# TensorFlow Assignment: Multilayer Perceptron (MLP) and Convolutional Neural Network (CNN)

**[Duke Community Standard](http://integrity.duke.edu/standard.html): By typing your name below, you are certifying that you have adhered to the Duke Community Standard in completing this assignment.**

Name: [Kun Xu（许堃）]

Now that you've run through a simple logistic regression model on MNIST, let's see if we can do better (Hint: we can). For this assignment, you'll build a multilayer perceptron (MLP) and a convolutional neural network (CNN), two popular types of neural networks, and compare their performance. Some potentially useful code:

In [1]:
import tensorflow as tf
from tensorflow.examples.tutorials.mnist import input_data

# Import data
mnist = input_data.read_data_sets("MNIST_data/", one_hot=True)

Extracting MNIST_data/train-images-idx3-ubyte.gz
Extracting MNIST_data/train-labels-idx1-ubyte.gz
Extracting MNIST_data/t10k-images-idx3-ubyte.gz
Extracting MNIST_data/t10k-labels-idx1-ubyte.gz


In [2]:
# Helper functions for creating weight variables
def weight_variable(shape):
    """weight_variable generates a weight variable of a given shape."""
    initial = tf.truncated_normal(shape, stddev=0.1)
    return tf.Variable(initial)

def bias_variable(shape):
    """bias_variable generates a bias variable of a given shape."""
    initial = tf.constant(0.1, shape=shape)
    return tf.Variable(initial)

# Tensorflow Functions that might also be of interest:
# tf.nn.sigmoid()
# tf.nn.relu()

### Multilayer Perceptron

Build a multilayer perceptron for MNIST digit classfication. Feel free to play around with the model architecture and see how the training time/performance changes, but to begin, try the following:

Image -> fully connected (500 hidden units) -> nonlinearity (Sigmoid/ReLU) -> fully connected (10 hidden units) -> softmax

Skeleton framework for you to fill in (Code you need to provide is marked by `###`):

In [27]:
# Model Inputs
x = tf.placeholder(tf.float32, [None, 784])
y_ =  tf.placeholder(tf.float32, [None, 10])
# Define the graph

activation = tf.nn.sigmoid
### Create your MLP here##
w1, b1 = weight_variable([784, 500]), bias_variable([1, 500])
ly_x = tf.matmul(x, w1) + b1
ly_x = activation(ly_x)

w2, b2 = weight_variable([500, 10]), bias_variable([1, 10])
y_mlp = tf.matmul(ly_x, w2) + b2
### Make sure to name your MLP output as y_mlp ###




# Loss 
cross_entropy = tf.reduce_mean(tf.nn.softmax_cross_entropy_with_logits(labels=y_, logits=y_mlp))

# Optimizer
train_step = tf.train.GradientDescentOptimizer(0.2).minimize(cross_entropy, var_list=[w1, b1, w2, b2])
# train_step = tf.train.MomentumOptimizer(0.1, 0.9).minimize(cross_entropy, var_list=[w1, b1, w2, b2])

# Evaluation
correct_prediction = tf.equal(tf.argmax(y_mlp, 1), tf.argmax(y_, 1))
accuracy = tf.reduce_mean(tf.cast(correct_prediction, tf.float32))

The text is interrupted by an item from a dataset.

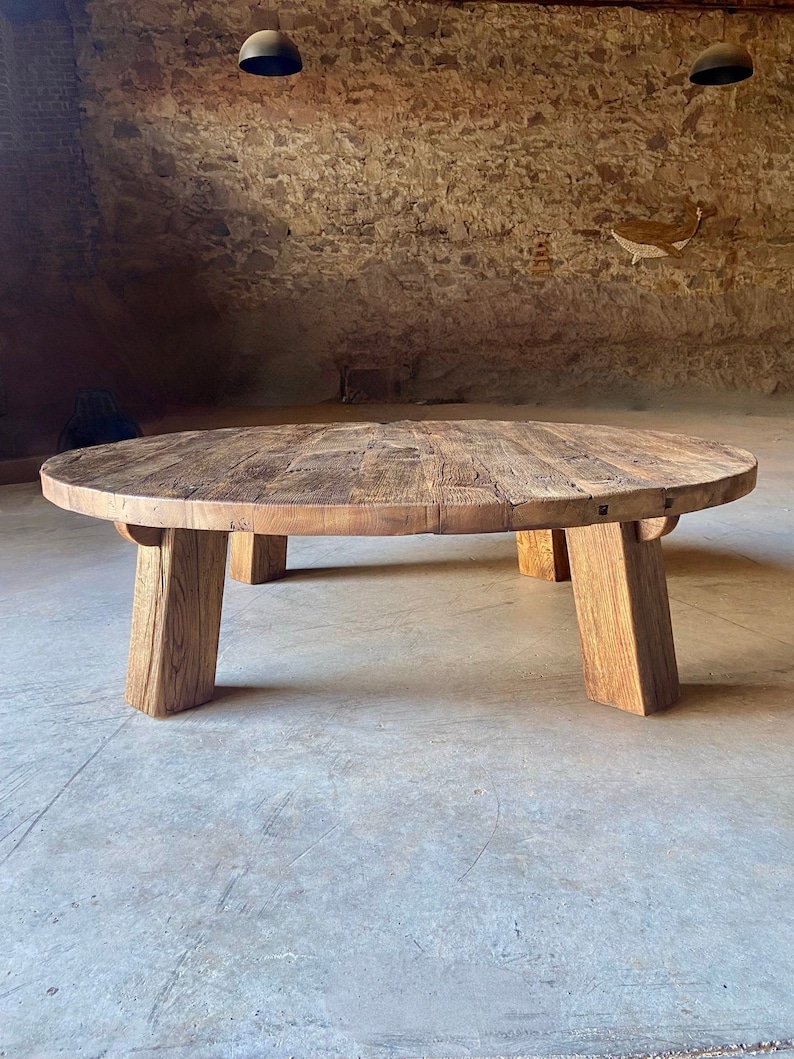 May include: A large, round wooden coffee table with a natural wood finish and four sturdy legs. The table is made of reclaimed wood and has a rustic, farmhouse style.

with tf.Session() as sess:
    # Initialize all variables
    sess.run(tf.global_variables_initializer())
    
    # Training regimen
    for i in range(8000):
        # train_x, train_y = mnist.train.next_batch(100)
        # feed_dict = {x: train_x, y_: train_y}
        # sess.run([train_step], feed_dict=feed_dict)
        
        # Validate every 250th batch
        if i % 500 == 0:
            validation_accuracy = 0
            for v in range(10):
                batch = mnist.validation.next_batch(100)
                validation_accuracy += (1./10) * accuracy.eval(feed_dict={x: batch[0], y_: batch[1]})
            print('step %d, validation accuracy %g' % (i, validation_accuracy))
            validation_accuracy=0
            for v in range(10):
                batch = mnist.train.next_batch(100)
                validation_accuracy += (1./10) * accuracy.eval(feed_dict={x: batch[0], y_: batch[1]})
            print('step %d, train accuracy %g' % (i, validation_accuracy))
        
        # Train    
        batch = mnist.train.next_batch(50)
        train_step.run(feed_dict={x: batch[0], y_: batch[1]})
        # print(cross_entropy.eval(feed_dict={x: batch[0], y_: batch[1]}))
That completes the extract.